Hey devs (especially @Bob_Carpenter, @wds15, @syclik),

There’s some discussion in a pull request I wanted to pull out into its own discourse thread. I’ll link this there and that here at the tops of each, for ease of reference.

In @wds15 valiant effort to get C++11 threading support in the Math lib, it was necessary to change every usage of ChainableStack to call a function to get the context. But all of these calls are nested several layers of object access deep, which is a little bit of a code smell, plus a lot of them look the same.

I would propose a small refactor where we replace many of these with calls to some wrapper function. Bob mentioned there exists one like this for C-style heap arrays, but we could also look at using something like this allocator I wrote for another PR (that I haven’t had time to finish yet). This allows us to use std::vectors that are allocated on our autodiff heap, see this (simple, WIP) test.
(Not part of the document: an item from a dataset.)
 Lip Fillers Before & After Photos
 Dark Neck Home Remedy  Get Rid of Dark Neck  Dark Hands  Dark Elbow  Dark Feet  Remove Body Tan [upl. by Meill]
Maybe this refactor should come first, which would allow for two things - less files changed by the c++11 threading refactor, and a much easier possibility of an ifdef wrapper that will allow us to support older Apple clang compilers. I would also be happy removing that latter thing as a goal, but I think the small refactor here is a good idea either way.

Thoughts?


Potentially dropping support for older versions of Apple's version of Clang
#2

I don’t think we need this refactor for being able to easily support old Apple compilers. There is only a single line of code right now which triggers the hickup. In order to support the old Apples we would have to something like

  static AutodiffStackStorage_t& context() {
#ifdef STAN_THREAD_LOCALS
    static thread_local AutodiffStackStorage_t ad_stack
#else
    static AutodiffStackStorage_t ad_stack
#endif
        = AutodiffStackStorage_t();
    return ad_stack;
  }

The STAN_THREAD_LOCALS can eventually be defined in automation depending on the compiler being used.
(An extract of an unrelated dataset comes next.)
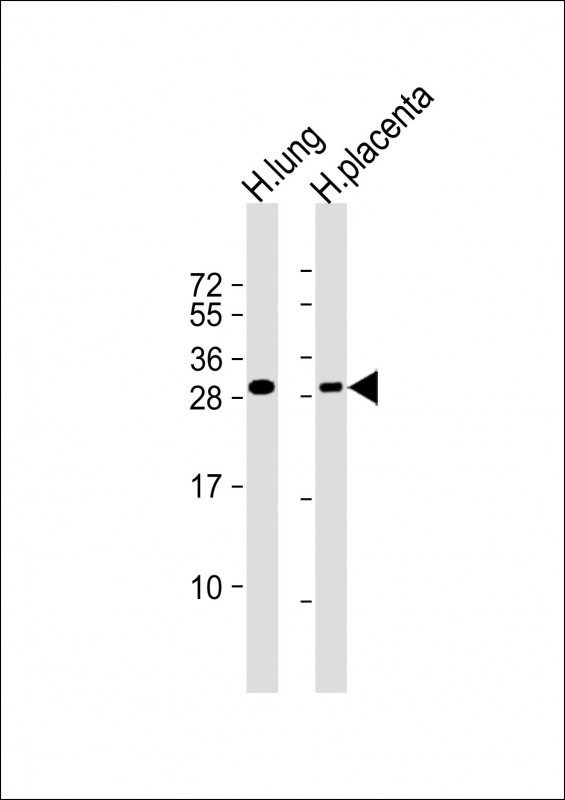 RGS19 (S24)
While I agree that a refactor would make sense to do, I would prefer to make it as a separate follow-up pull. To me it feels like a hold-up on our way towards a multi-threaded MPI enabled Stan 2.18.
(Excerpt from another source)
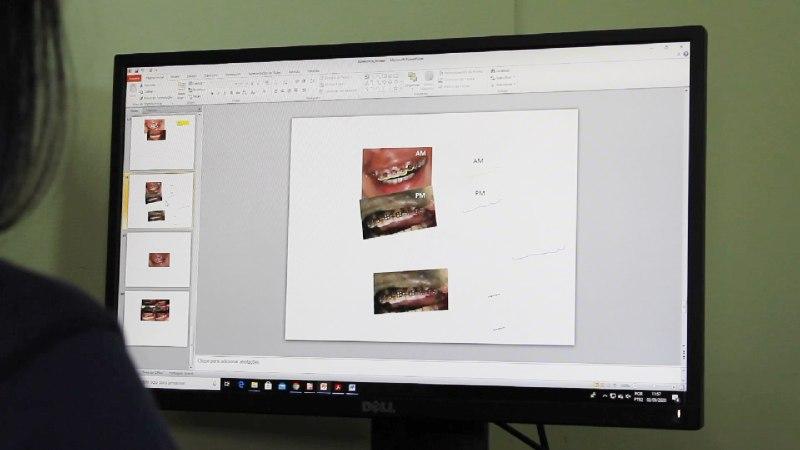 Peritos odontolegistas do AM usam sorriso de 'selfies' para identificação de corpos em decomposição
I like the allocator thing you propose. It looks like it makes sense to do just that; although it would take me a moment to be able to roll it out (or are you offering your hand to do it?). The better use of existing facilities is maybe a compromise; though I still think we divert somewhat to some degree from the intent of the pull (I badly want that multi-core, multi-machine Stan like we all do…soon).


#3

Ah, fair enough. I didn’t mean to hold it up, I just thought you were saying we’d need ifdefs everywhere you had added the .context() calls.

Isn’t this independent of MPI? Won’t MPI give multithreaded, multimachine parallelism already?


#4

If we want this refactor now and put in the joint resources then this will also be done quickly. We can certainly do it if we think its worth it.

And yes, there is a single point of code which controls the thread_local thing. So supporting old Apple compilers does not need to drive this refactor is what I am saying.

MPI will give us the ability to use different processes - and it does not matter if this is on a given machine or/and across machines. However, MPI has additional communication & copying cost which we do not have for a threading thing. So the most efficient approach will be to link different machines with MPI but on a given machine we do threads. This will give the best possible performance.


#5

Cool. So yeah, I’m with you that that PR can proceed without this refactor. We can still use this thread to talk about the refactor.